Of the three lines $x+\sqrt3y=0,x+y=1$ and $x-\sqrt3y=0$,two are equations of two altitudes of an equilateral triangle.The centroid of the equilateral triangle is
$(A)(0,0)\hspace{1cm}(B)\left(\frac{\sqrt3}{\sqrt3-1},\frac{-1}{\sqrt3-1}\right)\hspace{1cm}(C)\left(\frac{\sqrt3}{\sqrt3+1},\frac{1}{\sqrt3+1}\right)\hspace{1cm}(D)$none of these
All options (A),(B),(C) appears to be the answers.But correct answer is given (A).It is not given which two are altitude equations and which are not.Please guide me.

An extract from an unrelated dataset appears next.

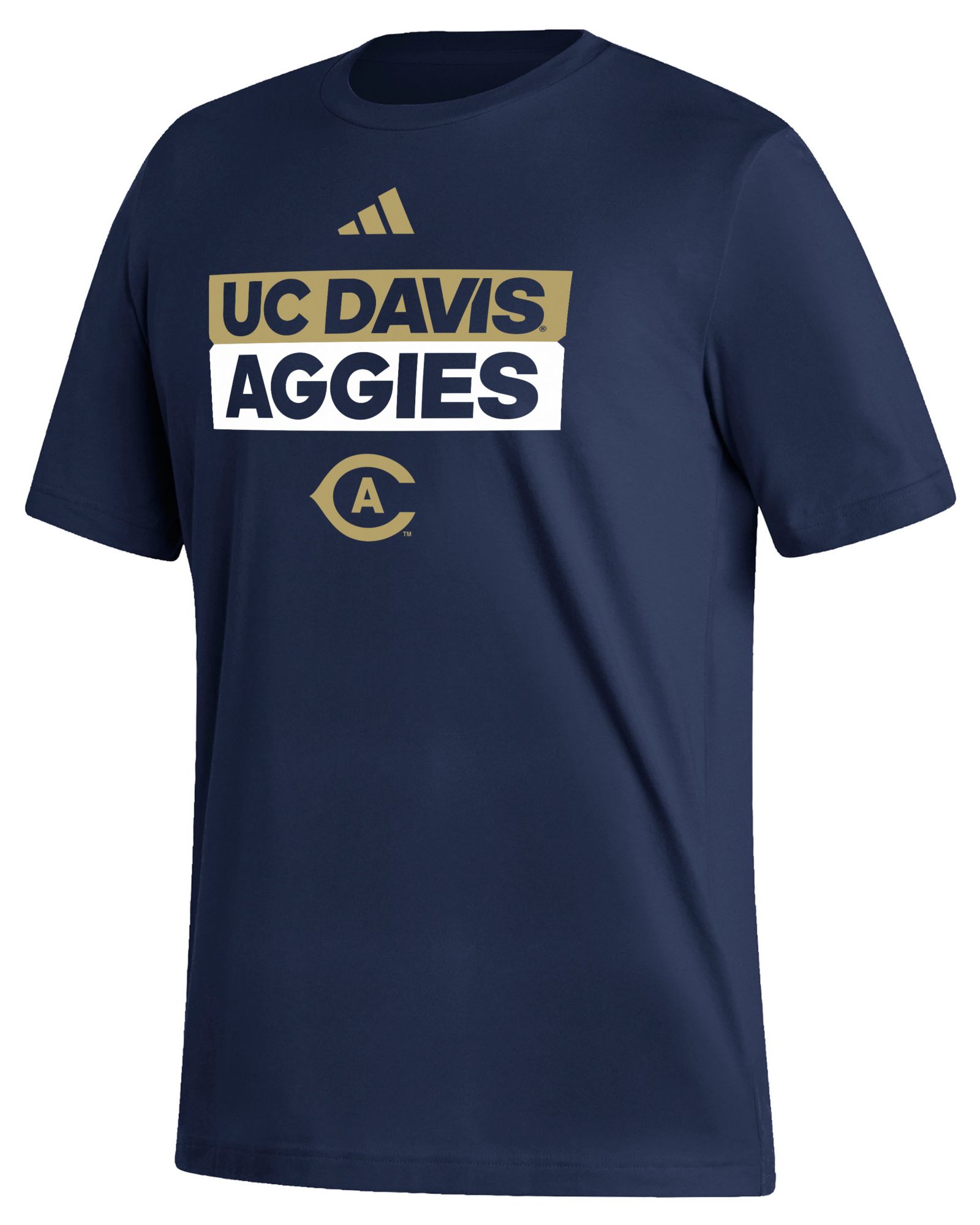 adidas Men's UC Davis Aggies Navy Fresh Training Short Sleeve T-Shirt product image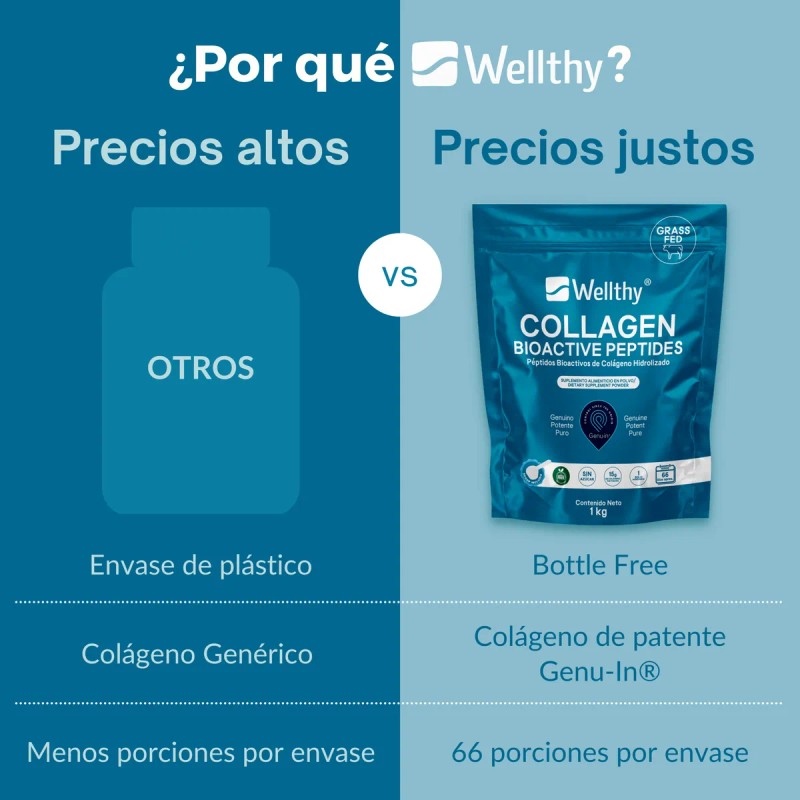 Péptidos Bioactivos De Colágeno Hidrolizado 1kg Wellthy Sin Sabor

Notice, we have the following equations of the lines $$x+\sqrt 3y=0\iff y=\frac{-1}{\sqrt 3}x\tag 1$$ $$x+y=1\iff y=-x+1\tag 2$$ $$x-\sqrt 3y=0\iff y=\frac{1}{\sqrt 3}x\tag 3$$ Let the slopes of the above lines be denoted by $m_1=-\frac{1}{\sqrt 3}$, $m_2=-1$ & $m_3=\frac{1}{\sqrt 3}$ then the angles between them are calculated as follows
The angle between lines (1) & (2) $$\theta_{12}=\tan^{-1}\left|\frac{m_1-m_2}{1+m_1m_2}\right|$$ $$=\tan^{-1}\left|\frac{-\frac{1}{\sqrt 3}-(-1)}{1-\frac{1}{\sqrt 3}(-1)}\right|=\tan^{-1}\left|2-\sqrt 3\right|=15^\circ$$
The angle between lines (2) & (3) $$\theta_{23}=\tan^{-1}\left|\frac{-1-\frac{1}{\sqrt 3}}{1+(-1)\frac{1}{\sqrt 3}}\right|=\tan^{-1}\left|2+\sqrt 3\right|=75^\circ$$
The angle between lines (1) & (3) $$\theta_{13}=\tan^{-1}\left|\frac{-\frac{1}{\sqrt 3}-\frac{1}{\sqrt 3}}{1-\frac{1}{\sqrt 3}\frac{1}{\sqrt 3}}\right|=\tan^{-1}\left|\sqrt 3\right|=60^\circ$$
We know that the angle between any two altitudes of an equilateral triangle is $60^\circ$ or $120^\circ$ Hence, the lines (1) & (3) are the altitudes of an equilateral triangle hence the centroid of the triangle is the intersection point of (1) & (3) i.e. origin $(0, 0)$
$$\bbox[5px, border:2px solid #C0A000]{\color{red}{\text{Centriod of equilateral triangle}\equiv\color{blue}{(0, 0)}}}$$
Hence, option (A) $(0, 0)$ is correct.